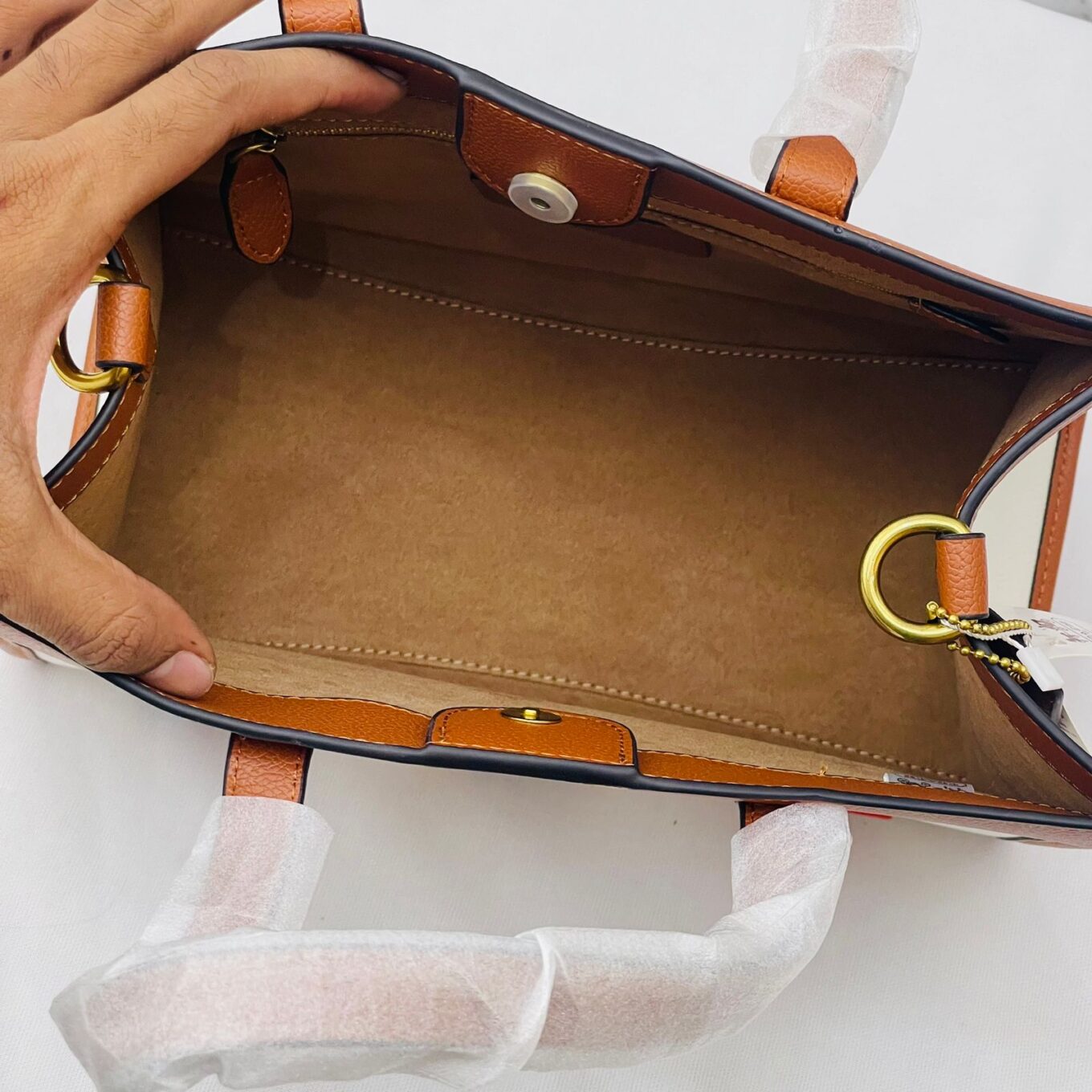 Coach Premium Quality Field Patch Tote (With Box)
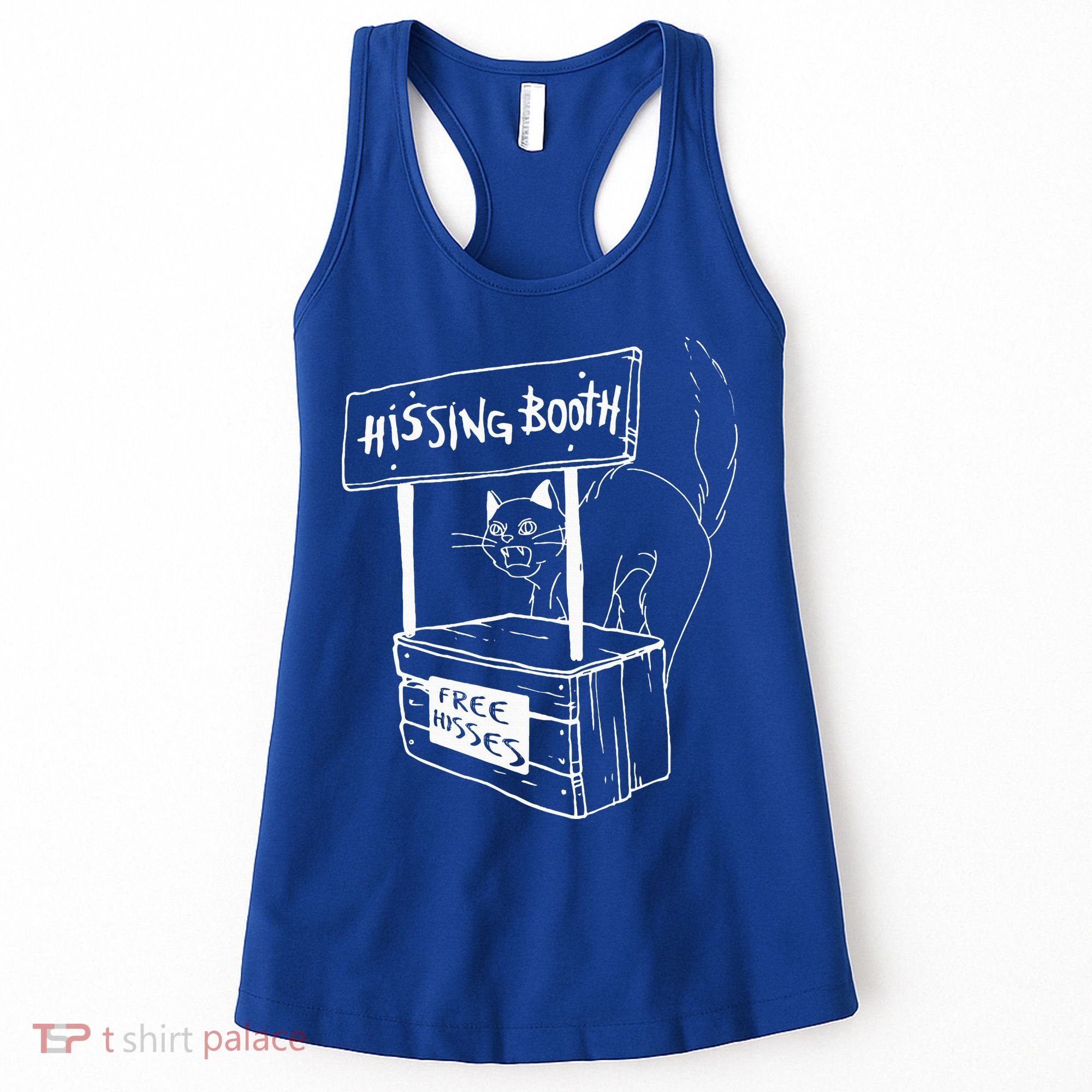 Cat Hissing Booth Free Hisses Memes For Cat Lovers Women's Tank Top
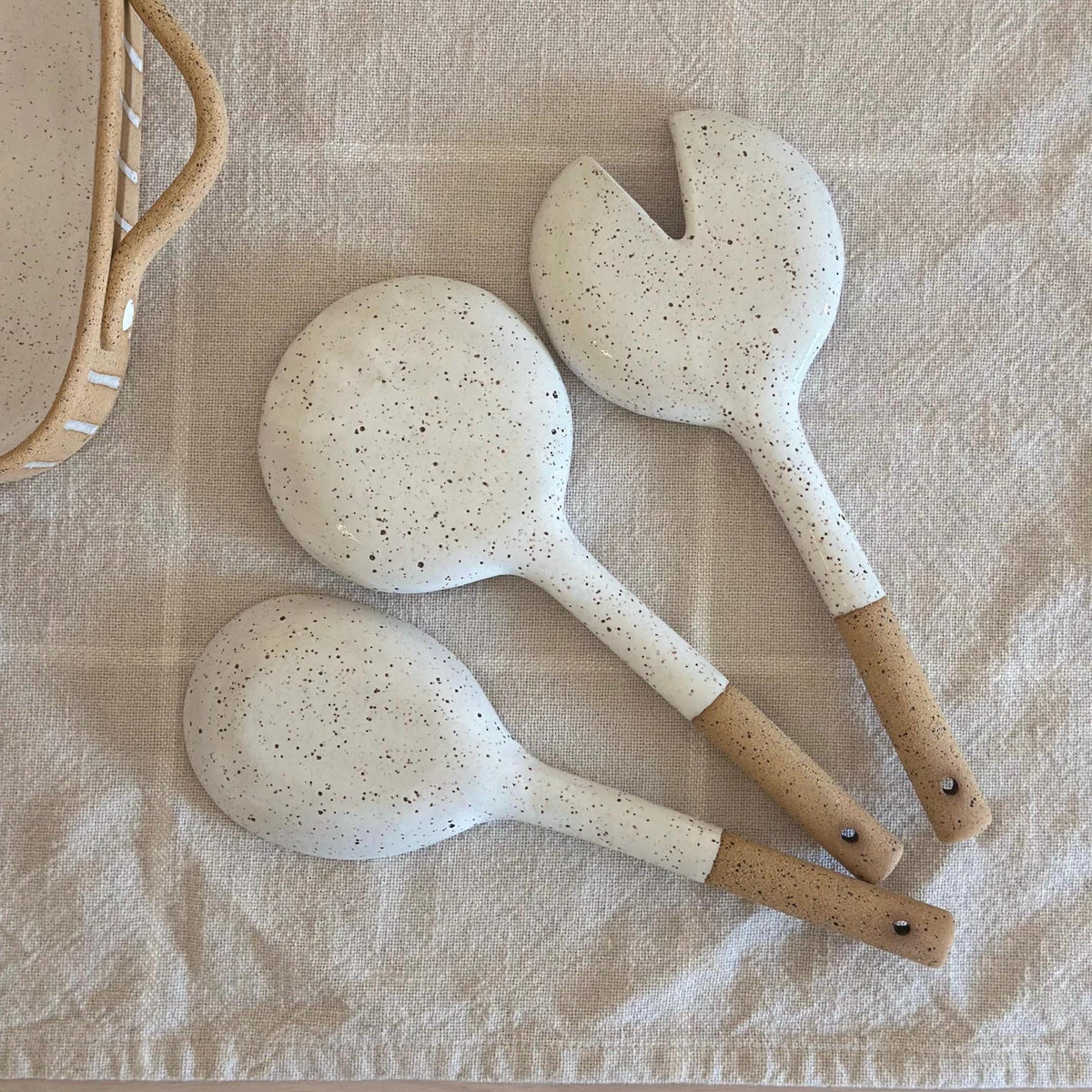 Handmade Speckled Stoneware Serving Spoon — photo 3
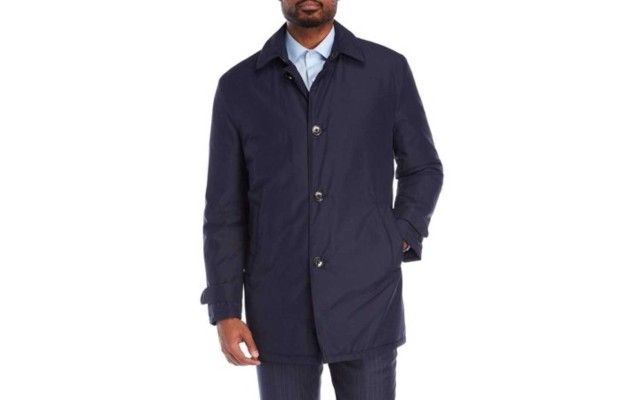  Lerner Coat (42 Short,Navy)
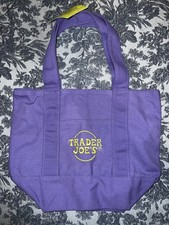 Trader Joe's Mini Canvas Tote Bag Halloween Limited Edition Purple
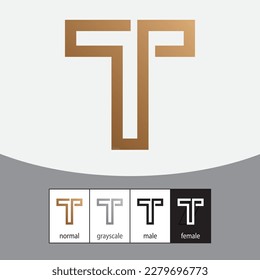 T Letter Logo Royal. - Vektorgrafik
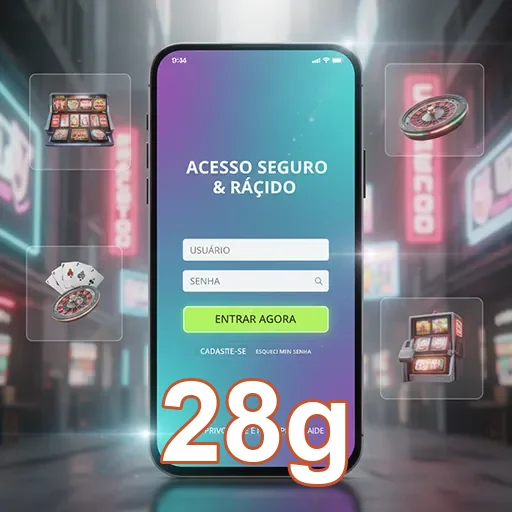 Tela de acesso seguro ao 28g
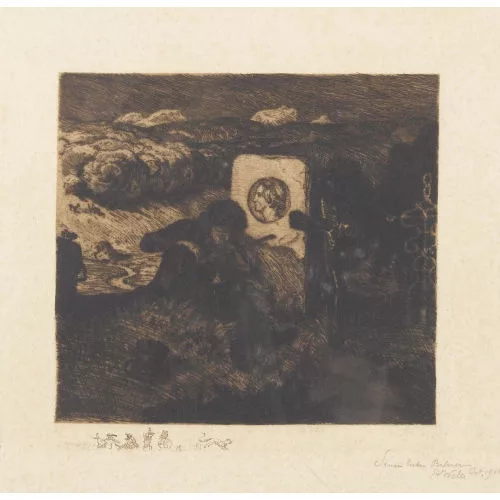 Albert Welti — Der alte Geiger.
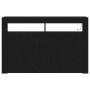 Black Oak Sideboard Engineered Wood 116 x 30 x 75 cm by , Sideboards - Ref: Foro24-3333885, Price: 148,84 €, Discount: %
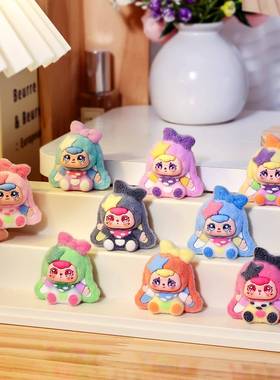 萌叙原创蝴蝶星奶豆系列萌粒公仔 diy钥匙扣配挂件桌面小摆件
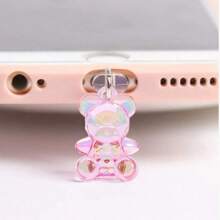 2 Stücke/6 Stücke/12 Stücke Ladeanschluss Staubschutz, Kopfhöreranschluss Staubschutz geeignet für Apple/Typ-C Handys, Ladeanschluss Dekoration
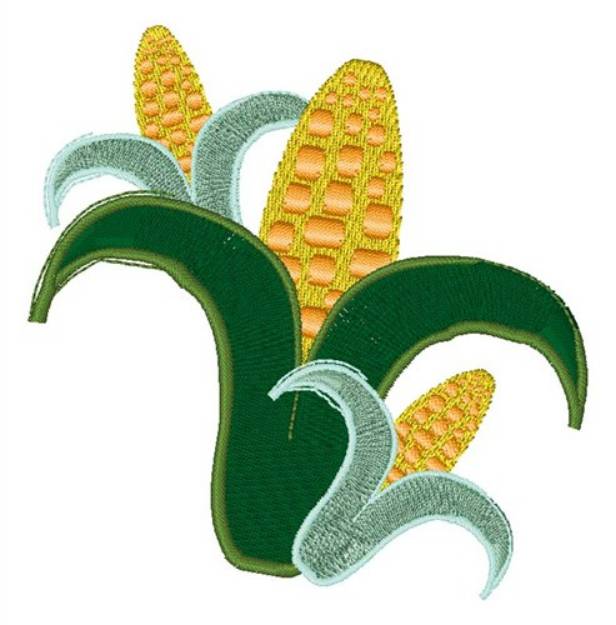 Picture of Fresh Corn Machine Embroidery Design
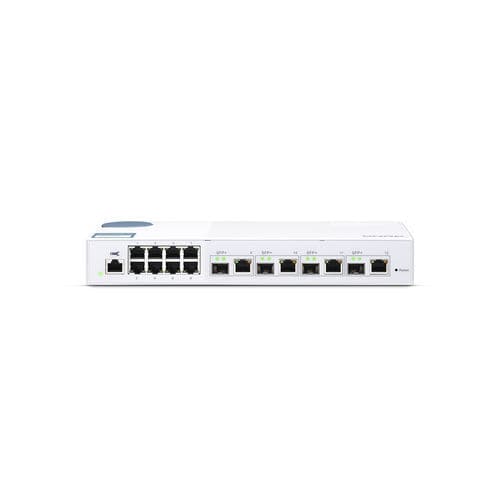 Commutateur Ethernet administrable - QSW-M408-4C - QNAP - 12 ports / de niveau 2 / 2.5 GbE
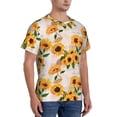 thumbnail image 2 of Bixox Men's Sunflower 5 Printed Short Sleeve Skinny Athletic T-Shirt, 2 of 6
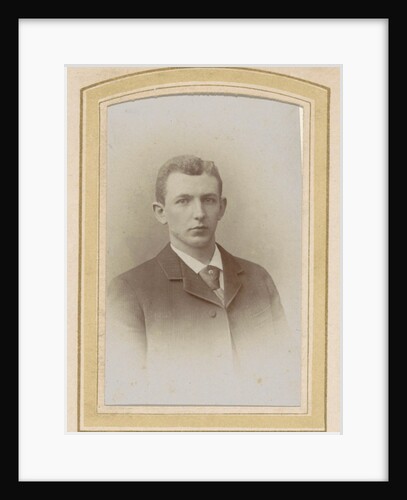 Portrait of a man wearing a coat and tie by J.C. Reesinck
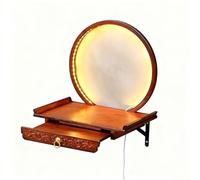 Joytar Tavolo Puja a parete con LED, tavolo altare per tempio domestico con piastra telescopica, supporto per statua di Buddha per sala studio, sala yoga(B,60cm)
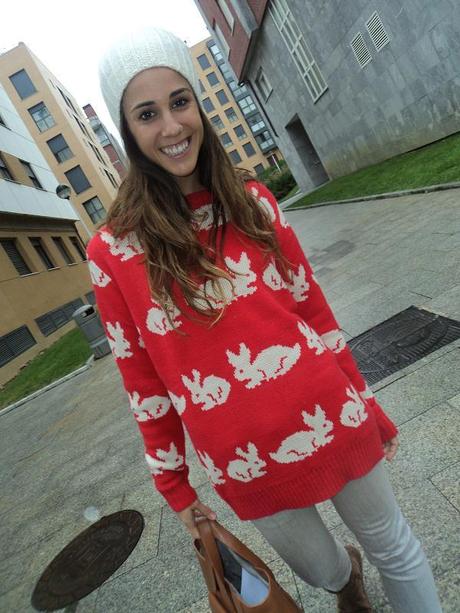 Rabbits sweater rabbit sweater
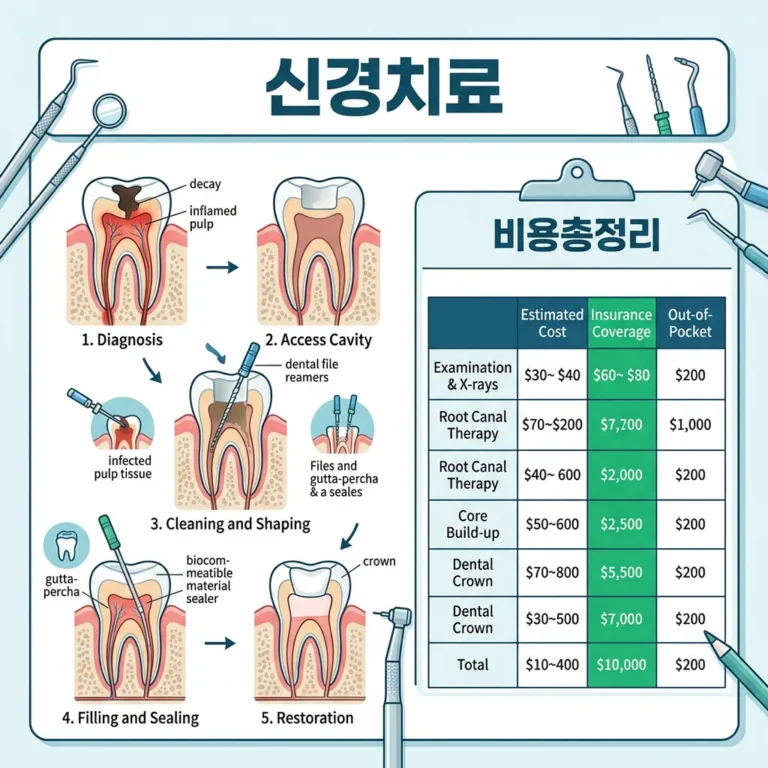 신경치료 비용, 보험 적용 후 실제 본인부담금은 얼마?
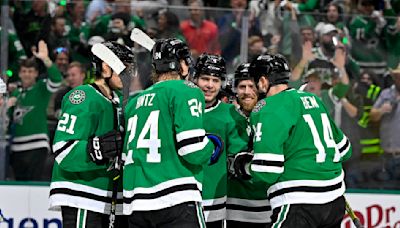 Miro Heiskanen scores two power-play goals; Stars beat Avs 5-3 in Game 2 to even series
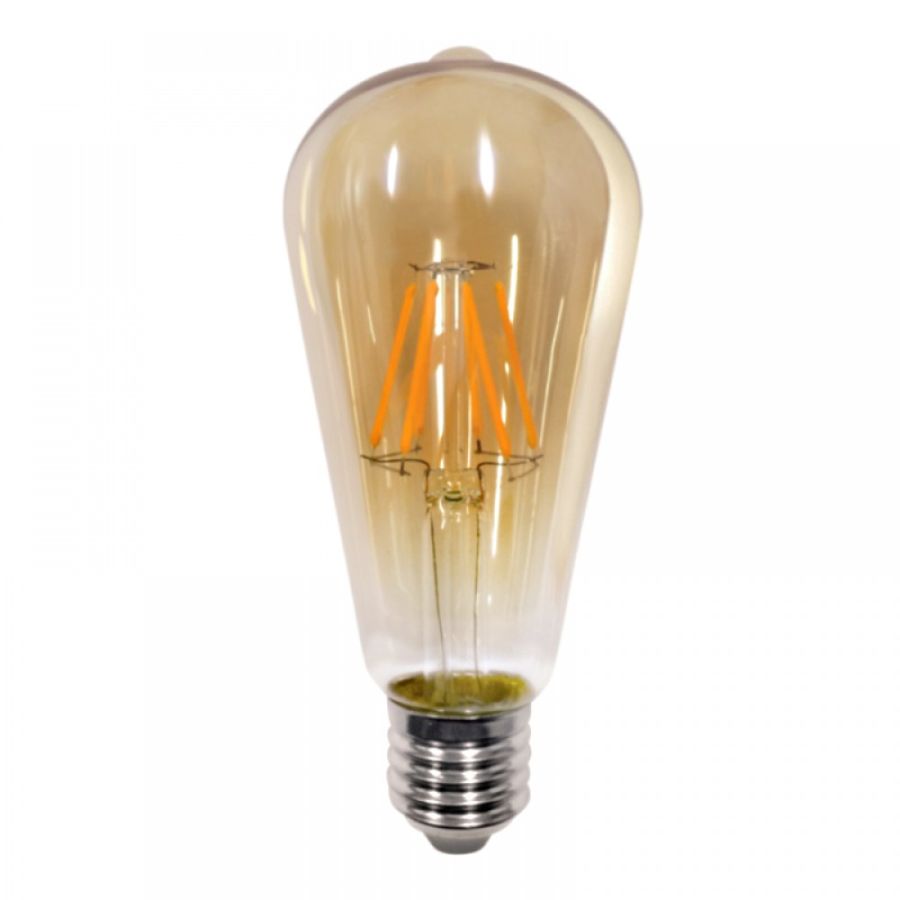 Λαμπήρας Filament Dimmable ST64 64x140mm 8w 2200K 650lm Μελί 220-240V 360° Inlight 7.27.08.24.1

== ACTIVITY ==
Starting at the line with "Rabbits sweater rabbit sweater", write out every line exactly through the final line of the records above, both included, and skip the pictures.

== RESPONSE TO THIS EXERCISE ==
 Rabbits sweater rabbit sweater
 신경치료 비용, 보험 적용 후 실제 본인부담금은 얼마?
 Miro Heiskanen scores two power-play goals; Stars beat Avs 5-3 in Game 2 to even series
 Λαμπήρας Filament Dimmable ST64 64x140mm 8w 2200K 650lm Μελί 220-240V 360° Inlight 7.27.08.24.1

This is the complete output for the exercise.